Dáil debates

Thursday, 12 October 2023

Ceisteanna ó Cheannairí - Leaders' Questions

 

12:30 pm

Photo of Thomas PringleThomas Pringle (Donegal, Independent) | Oireachtas source

This year, I and other County Donegal Deputies have raised issues around the defective blocks scheme 44 times in various debates in this Chamber. More than 240 parliamentary questions have been put down by Members across the House. Yet, each time I have raised this matter with the Tánaiste or Taoiseach in whichever of the rotating roles they happen to be occupying at the time, the concerns and questions I have raised on behalf of my constituents in Donegal have been treated dismissively, with trumpeting talk of a €3.5 billion scheme, which is the biggest in the history of the State etc. Tuesday’s budget commits only €70 million next year to this flawed scheme, which includes the pyrite remediation scheme. It is less than what the Government is doling out to the horse and greyhound industry.

There is often a Pontius Pilate-like attitude to the Government's engagements on the issue. Today, I need more of a Pauline attitude if possible, since we are on the New Testament, as the Tánaiste said. I need the Tánaiste to listen and answer the question asked concisely without superfluous waffle. Due to the ineffectual leadership of the Government on this issue, affected homeowners in Donegal have taken the initiative in meeting with the banking industry, the insurance industry and various Ministers to articulate their concerns, and they have had good success where the Government has failed. One recent example is where they have secured with the banks, in principle, access to 0% finance to bridge the enormous gap in funding between what the Government's flawed scheme offers and the reality of what is needed.

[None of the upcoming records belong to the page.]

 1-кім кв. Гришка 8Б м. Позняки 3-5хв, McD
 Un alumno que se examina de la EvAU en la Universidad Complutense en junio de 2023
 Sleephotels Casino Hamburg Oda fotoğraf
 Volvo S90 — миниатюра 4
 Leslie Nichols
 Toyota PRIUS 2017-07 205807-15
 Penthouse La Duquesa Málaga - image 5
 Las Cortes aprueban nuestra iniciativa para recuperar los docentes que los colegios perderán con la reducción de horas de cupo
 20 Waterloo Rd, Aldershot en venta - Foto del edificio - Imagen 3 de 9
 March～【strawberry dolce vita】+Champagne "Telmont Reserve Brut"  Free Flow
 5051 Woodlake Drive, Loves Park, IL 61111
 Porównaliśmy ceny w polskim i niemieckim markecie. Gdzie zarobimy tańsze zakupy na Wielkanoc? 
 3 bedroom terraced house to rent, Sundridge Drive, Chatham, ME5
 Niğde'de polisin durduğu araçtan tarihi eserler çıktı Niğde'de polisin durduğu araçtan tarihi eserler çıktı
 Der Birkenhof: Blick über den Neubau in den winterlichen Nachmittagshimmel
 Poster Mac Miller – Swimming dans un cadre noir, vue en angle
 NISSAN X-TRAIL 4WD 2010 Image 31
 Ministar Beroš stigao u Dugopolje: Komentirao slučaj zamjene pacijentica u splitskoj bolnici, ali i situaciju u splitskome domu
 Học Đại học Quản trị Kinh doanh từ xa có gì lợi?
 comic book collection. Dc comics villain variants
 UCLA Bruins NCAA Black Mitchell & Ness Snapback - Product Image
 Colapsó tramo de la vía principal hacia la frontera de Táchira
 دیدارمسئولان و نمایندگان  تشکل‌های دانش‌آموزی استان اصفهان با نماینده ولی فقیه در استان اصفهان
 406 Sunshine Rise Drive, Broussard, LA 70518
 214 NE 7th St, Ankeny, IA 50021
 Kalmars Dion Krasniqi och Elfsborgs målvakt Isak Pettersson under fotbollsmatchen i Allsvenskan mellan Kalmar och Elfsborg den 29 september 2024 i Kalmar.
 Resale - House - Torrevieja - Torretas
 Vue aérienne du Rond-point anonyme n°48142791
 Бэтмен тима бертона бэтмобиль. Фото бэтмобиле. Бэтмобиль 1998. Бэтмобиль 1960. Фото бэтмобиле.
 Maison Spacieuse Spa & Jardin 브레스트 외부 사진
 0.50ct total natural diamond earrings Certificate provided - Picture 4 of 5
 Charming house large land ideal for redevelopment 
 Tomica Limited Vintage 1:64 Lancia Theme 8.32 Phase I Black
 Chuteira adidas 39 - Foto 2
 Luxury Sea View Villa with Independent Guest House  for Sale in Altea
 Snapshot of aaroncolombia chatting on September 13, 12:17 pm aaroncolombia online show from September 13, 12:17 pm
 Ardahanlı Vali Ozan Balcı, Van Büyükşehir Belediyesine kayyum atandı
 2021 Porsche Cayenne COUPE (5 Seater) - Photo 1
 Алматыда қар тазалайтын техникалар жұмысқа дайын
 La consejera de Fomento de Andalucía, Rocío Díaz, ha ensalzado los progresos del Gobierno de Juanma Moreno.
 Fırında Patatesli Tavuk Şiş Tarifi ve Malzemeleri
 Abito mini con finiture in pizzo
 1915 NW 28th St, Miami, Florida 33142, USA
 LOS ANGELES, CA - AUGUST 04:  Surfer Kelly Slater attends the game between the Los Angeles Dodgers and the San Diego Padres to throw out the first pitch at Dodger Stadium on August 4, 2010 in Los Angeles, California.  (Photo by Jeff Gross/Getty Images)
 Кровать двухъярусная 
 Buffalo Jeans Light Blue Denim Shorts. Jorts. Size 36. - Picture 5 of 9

Questions remain, however, on the lack of urgency regarding engagement from the Department of Housing, Local Government and Heritage, along with conflicting responses coming from the Government and the banking industry. Just this week, the banking and insurance focus group was informed by banks that there has been no dialogue on the damage clause-return to mortgageable condition under each of the remediation options between them and the Department. Homeowners need to know that when they engage with the scheme, their property will be returned to what the bank terms a mortgageable condition. The Banking and Payments Federation of Ireland, BPFI, has told the focus group that the Department is going establish a working group to look at the various financial issues raised, yet in a parliamentary question response to me on Tuesday there was no such commitment from the Minister.

My question is this. Will the Government commit to establishing a working group to look at the specific issues that the redress focus group on banking and insurance has identified and raised with the Ministers for Finance and Housing, Local Government and Heritage? Will the Government commit to including representation from the redress focus group on banking and insurance on that working group, alongside other relevant stakeholders?